WORK REQUIRED: Images are to be left out when the records below are printed word for word.

[Short descriptive text snippets]
--------

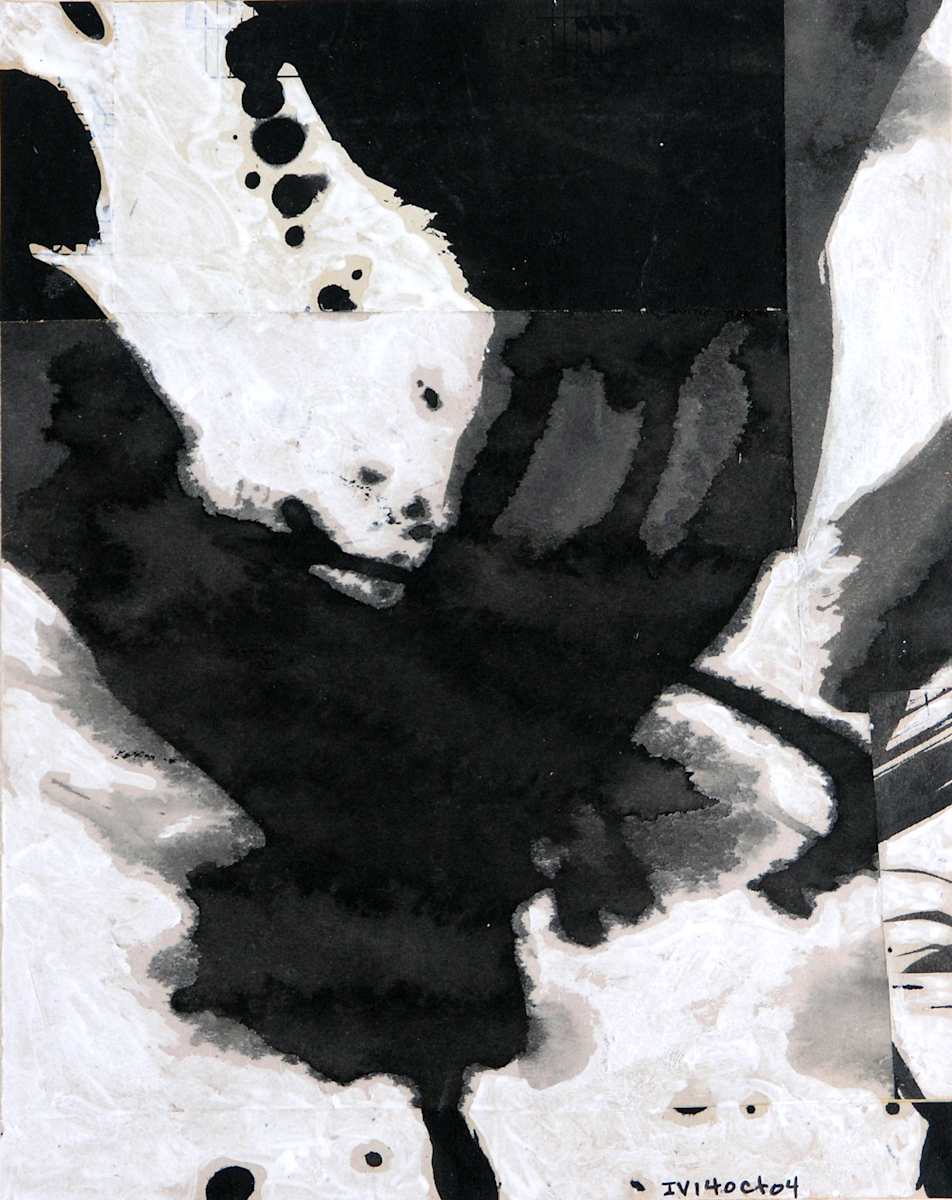 IV140CT04 by Cecil Touchon, Image 1.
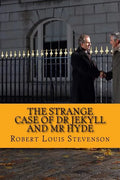 The Strange Case of Dr Jekyll and Mr Hyde - Paperback
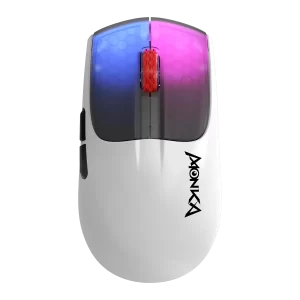 Mouse Marvo Monka G966W Vero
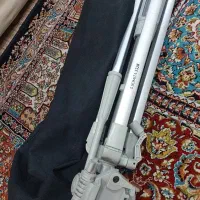 پایه دوربین لیزری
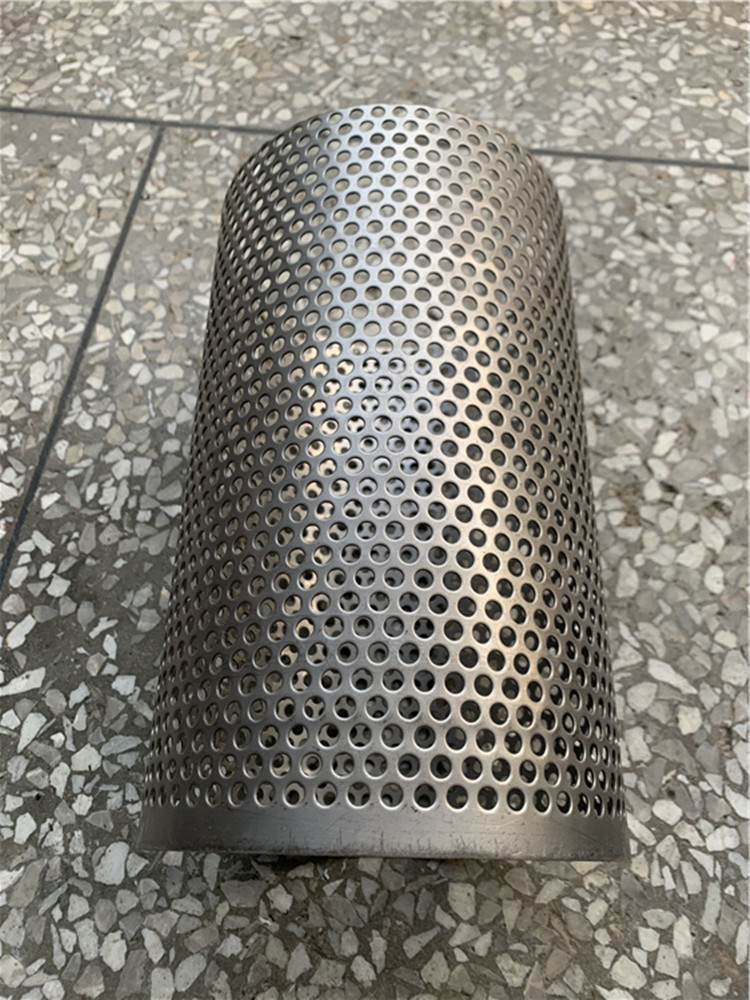 y型过滤器滤网不锈钢滤芯定做304过滤网空调滤芯工业管道滤网滤筒 dn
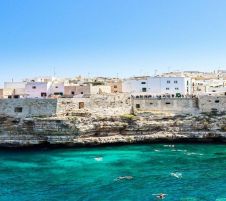 Приказна почивка в Пулия с 6 нощувки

--------

SOLUTION TO THE PROBLEM:
 IV140CT04 by Cecil Touchon, Image 1.
 The Strange Case of Dr Jekyll and Mr Hyde - Paperback
 Mouse Marvo Monka G966W Vero
 پایه دوربین لیزری
 y型过滤器滤网不锈钢滤芯定做304过滤网空调滤芯工业管道滤网滤筒 dn
 Приказна почивка в Пулия с 6 нощувки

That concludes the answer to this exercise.